Locate the line that contains "Used 2012 Ford". Retype it and every line after it to the end of the records, exactly, but not the pictures.

####################

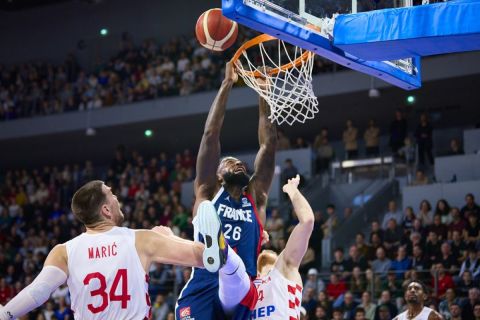 Προκριματικά EuroBasket 2025: Η Γαλλία του διψήφιου Λεσόρ λύγισε την Κροατία του εξαιρετικού Χεζόνια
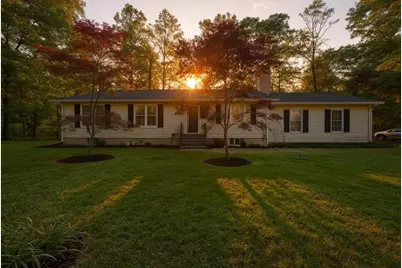 10820 Gambrill Park Road, Frederick, MD 21702 - Photo 2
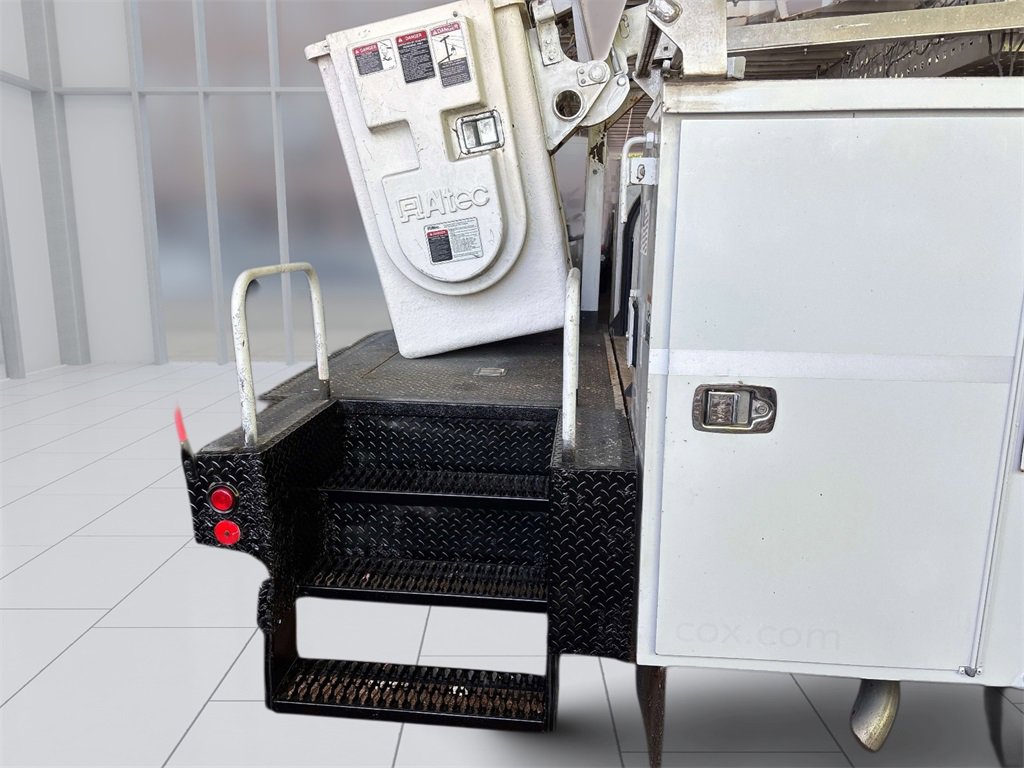 Used 2012 Ford F550 2WD Regular Cab Super Duty w/ PWR Equipment Group image 4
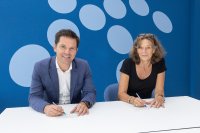 Auf gute Partnerschaft: Regionspräsident Steffen Krach und MHH-Präsidentin Denise Hilfiker-Kleiner unterzeichnen die Vereinbarung Auf gute Partnerschaft: Regionspräsident Steffen Krach und MHH-Präsidentin Denise Hilfiker-Kleiner unterzeichnen die Vereinbarung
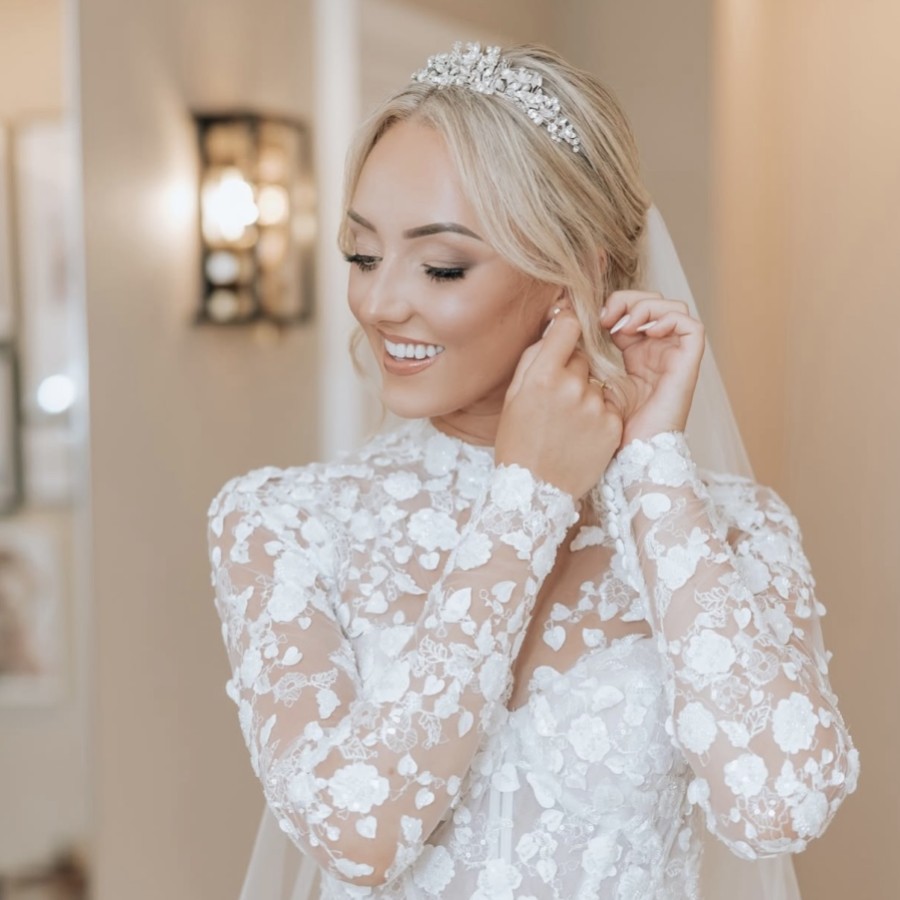 Real Bride - Sophie wearing Samira tiara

####################

* [Exercise solution]:
 Used 2012 Ford F550 2WD Regular Cab Super Duty w/ PWR Equipment Group image 4
 Auf gute Partnerschaft: Regionspräsident Steffen Krach und MHH-Präsidentin Denise Hilfiker-Kleiner unterzeichnen die Vereinbarung Auf gute Partnerschaft: Regionspräsident Steffen Krach und MHH-Präsidentin Denise Hilfiker-Kleiner unterzeichnen die Vereinbarung
 Real Bride - Sophie wearing Samira tiara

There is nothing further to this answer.